Fired SR chief hired by county

John Bojarski, Butler Eagle. December 17, 2010
Fired SR chief hired by county
Brown lands job as deputy sheriff

By John Bojarski
Eagle Staff Writer
December 17, 2010

Despite being fired by Slippery Rock in a rough economy, former borough police Chief Terry Brown is not headed to the unemployment line right now.
He was hired Monday as a part-time Butler County deputy sheriff by Sheriff Mike Slupe.

“An offer was made to Terry Brown if he needed our assistance,” Slupe said. “We had one more part-time slot to fill, and he filled it.”
Brown was placed on paid leave Oct. 23 by the borough council following a firearms training incident. He was terminated Dec. 7 by council.
Brown on Thursday declined to comment about his case.
Slupe said he has known and worked with Brown for nearly 20 years.

“I know his reputation; I know his work ethic.

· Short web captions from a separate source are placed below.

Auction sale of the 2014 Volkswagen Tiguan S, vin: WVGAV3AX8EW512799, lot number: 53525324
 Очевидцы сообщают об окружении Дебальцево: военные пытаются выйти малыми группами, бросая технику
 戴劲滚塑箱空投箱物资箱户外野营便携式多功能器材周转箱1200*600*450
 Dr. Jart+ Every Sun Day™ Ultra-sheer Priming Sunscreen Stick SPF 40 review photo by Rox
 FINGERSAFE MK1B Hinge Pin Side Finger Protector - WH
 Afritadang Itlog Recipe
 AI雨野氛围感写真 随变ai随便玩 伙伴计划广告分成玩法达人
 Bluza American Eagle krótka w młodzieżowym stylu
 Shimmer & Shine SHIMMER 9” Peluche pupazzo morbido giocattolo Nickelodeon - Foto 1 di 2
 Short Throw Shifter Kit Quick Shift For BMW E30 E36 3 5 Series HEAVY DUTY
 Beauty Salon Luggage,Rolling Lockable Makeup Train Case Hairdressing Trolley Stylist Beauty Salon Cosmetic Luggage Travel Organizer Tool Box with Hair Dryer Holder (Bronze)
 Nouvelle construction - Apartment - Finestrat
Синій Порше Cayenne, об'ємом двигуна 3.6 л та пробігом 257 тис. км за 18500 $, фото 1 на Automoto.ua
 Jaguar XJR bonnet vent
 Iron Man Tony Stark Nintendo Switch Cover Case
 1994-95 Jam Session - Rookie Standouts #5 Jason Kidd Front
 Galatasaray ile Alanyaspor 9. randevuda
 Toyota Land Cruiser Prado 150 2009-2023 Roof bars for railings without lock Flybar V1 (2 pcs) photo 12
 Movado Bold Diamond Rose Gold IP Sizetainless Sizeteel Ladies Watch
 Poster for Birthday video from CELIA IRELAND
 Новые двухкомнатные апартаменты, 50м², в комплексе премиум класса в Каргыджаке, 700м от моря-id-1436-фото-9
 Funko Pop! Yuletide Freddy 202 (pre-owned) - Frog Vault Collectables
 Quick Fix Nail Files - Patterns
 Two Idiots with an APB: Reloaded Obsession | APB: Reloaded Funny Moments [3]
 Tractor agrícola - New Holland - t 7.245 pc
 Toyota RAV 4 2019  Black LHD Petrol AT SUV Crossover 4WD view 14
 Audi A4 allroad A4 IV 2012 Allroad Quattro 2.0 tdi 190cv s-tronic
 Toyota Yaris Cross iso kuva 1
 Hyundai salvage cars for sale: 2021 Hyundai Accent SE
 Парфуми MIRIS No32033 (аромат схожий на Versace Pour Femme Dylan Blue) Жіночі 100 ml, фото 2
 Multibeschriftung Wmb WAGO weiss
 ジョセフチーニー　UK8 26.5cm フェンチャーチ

I feel very comfortable in having him in this office,” Slupe said.
“I know for a fact that in the law enforcement community, Terry Brown is very highly respected and very highly regarded.”
Slupe said Brown was the most qualified candidate who applied for the position.

Since Brown is already a certified police officer, the only required training he will have to complete is a two-week deputy program, which can be done sometime during his first year of employment.
There are 18 part-time deputies in the department.
Slupe said he is looking forward to working with Brown.
“Terry is an outstanding police officer and will be an asset to our office for as long as he is here,” he said.

Al Lindsay, a Butler attorney retained by Brown, said Brown’s ultimate goal is to be rehired by Slippery Rock.
“There are a number of different avenues,” Lindsay said to achieve that.

He said Brown has three options. One is a federal civil rights lawsuit against the borough. Another is filing a grievance with the police union. The third is a request for a hearing by the state civil service commission.
Lindsay said he and Brown are evaluating which one to pick.

Following Brown’s termination, the borough had five days to present charges to him. Lindsay said Brown has seen those charges, but he has not.
Brown of Slippery Rock was hired by the borough in 1986, and he became chief in 2009.
posted September 01, 2011

Hearing begins in SR

John Bojarski, Butler Eagle. May 11, 2011
Hearing begins in SR
Ex-chief appeals firing by council

By John Bojarski
Eagle Staff Writer
May 11, 2011

SLIPPERY ROCK — The first four witnesses were heard Tuesday at the appeal hearing for fired Slippery Rock police chief Terry Brown in front of the borough’s civil service commission.
Brown was fired by the borough Dec. 7 following a firearms training incident.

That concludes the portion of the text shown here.